§ **ABOUT THIS EXERCISE**: Everything from the line containing "206 - 93 Westwood" through the last line of the entries needs to be repeated exactly. Pictures must be left out.

§ **RECORDS FOR PROCESSING**:
----

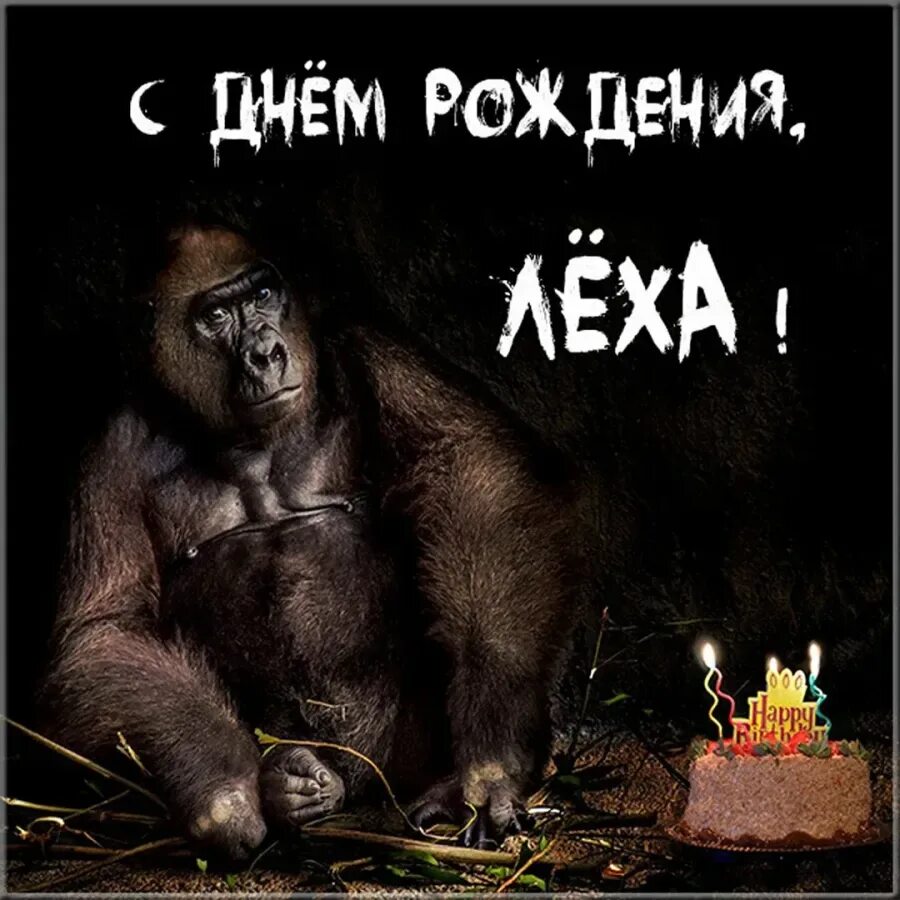 Открытка с днем рождения мужчине алексею прикольные. Поздравления с днём рождения Леха. Поздравления с днём рождения Алексею. Смешные открытки с днем рождения. Поздравления с днём Алексея прикольные.
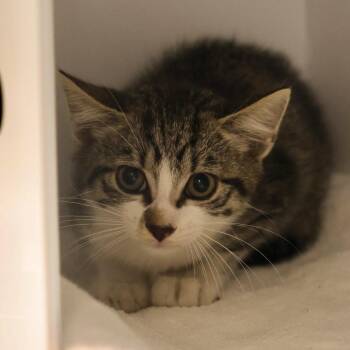 Lexus -  Domestic Short Hair Cat for Adoption in Briarcliff Manor, New York - Lexus | PetCurious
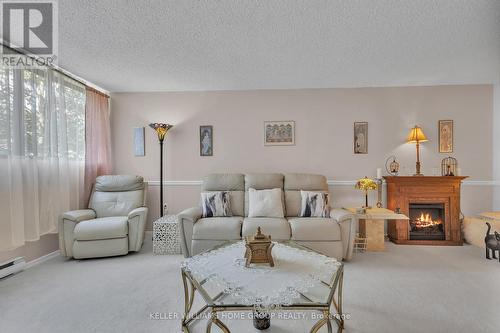 206 - 93 Westwood Road, Guelph, ON - Indoor Photo Showing Living Room With Fireplace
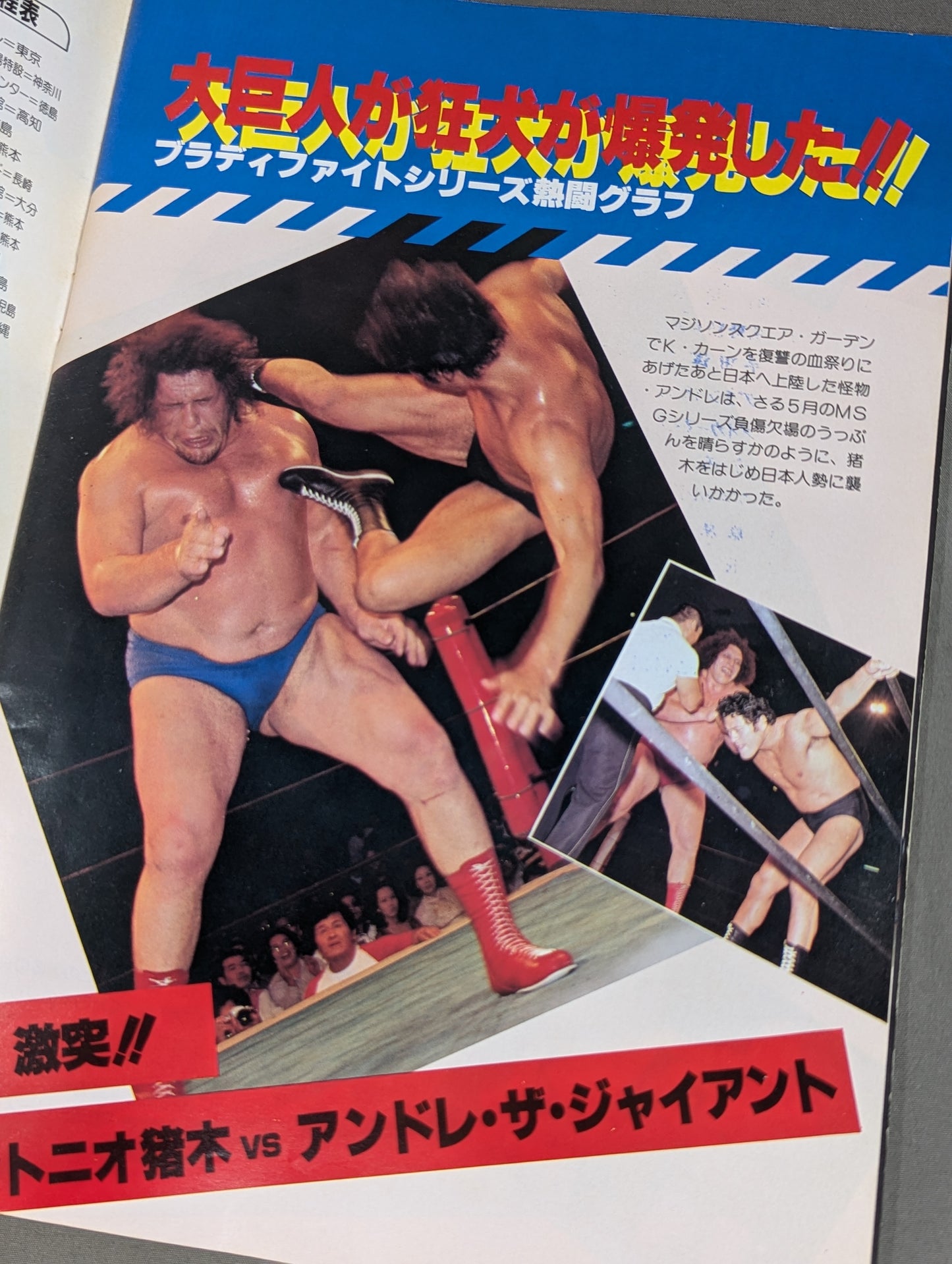 THE WRESTLER 闘魂シリーズ Vol.4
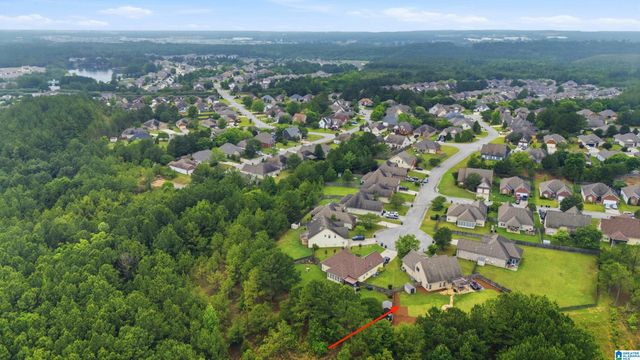 100 WATERFORD HIGHLANDS TRAIL, Calera, AL 35040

----

§ **ANSWER FOR THIS EXERCISE**:
 206 - 93 Westwood Road, Guelph, ON - Indoor Photo Showing Living Room With Fireplace
 THE WRESTLER 闘魂シリーズ Vol.4
 100 WATERFORD HIGHLANDS TRAIL, Calera, AL 35040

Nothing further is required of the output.